Les mondes bariolés de musiques et de couleurs exotiques, je les croise tous les jours, entre Dejean et Ornano, c'est un patchwork des gens du monde, il y manque bien quelques Inuits, un ou deux Cheyennes, mais pour le reste, on voyage sans frontière. J'ai même rencontré un australien aborigène au coin de la rue Labat et du boulevard Barbès

Et dans les agoras improvisées qui fleurissent avec enthousiasme dès que le printemps revient, il arrive des scènes que Prévert aurait aimé conter sur une photo de Doisneau et un air de Crolla. Sur une placette, près du kiosque à journaux, des groupes informels devisent avec animation, il y a des africains de toutes les Afriques, des maghrébins, quelques hindous, vêtus à la mode de Guerrisol ou des marques en vue, des dames en boubou, en robes créoles, en pantalons djean Denim et de Tati, certaines en petites jupes à fleurs dansant sur leurs jambes bronzées caramel, et contrairement au folklore montmartrois de naguère, ce n'est plus à la longueur de la jupe qu'on suppute de la vertu de ces dames. C'est même exactement l'inverse, les petites vertus se parent de pantalons sobres, et de tenues plutôt discrètes, revoyez vos fondamentaux sur les attributs vestimentaires et les uniformes de profession, aujourd'hui, la péripatéticienne qui attend le chaland émoustillé sur le banc public n'expose plus la marchandise à l'étal, elle fait boutique son cul sans ostentation, question de précaution policière, mais je digresse, revenons à nos agoras improvisées.

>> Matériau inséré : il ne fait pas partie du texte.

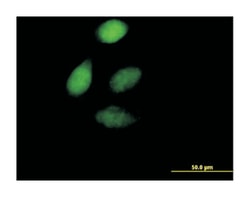 zinc finger protein 276, Mouse, Polyclonal Antibody, Abnova 50&mu;L; Unlabeled:Antibodies,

Dont l'une m'a laissé ébloui, voilà : sur la placette précitée, plusieurs groupes de 4 ou 5 personnes discutent, je passe près de quelques africains bon teint, les uns avec casquette US, dûment siglée, un autre avec un bonnet rasta, un autre porte une sorte de panama, ils semblent écouter un grand gaillard taillé footballeur américain, maillot « les lions indomptables » avec un timbre vocal cuivré à la Manu Dibango, et au moment où je passe à portée de voix, cet athlète body buildé Rambo est en train d'expliquer le mythe de la caverne de Platon... Je suis revenu sur mes pas pour faire semblant de voir les affiches du kiosque, et vérifier que ce n'était pas une hallucination auditive, mais non, et il avait un contradicteur-débatteur, un jeune homme mince, plutôt africain de l'Est, et look étudiant. ..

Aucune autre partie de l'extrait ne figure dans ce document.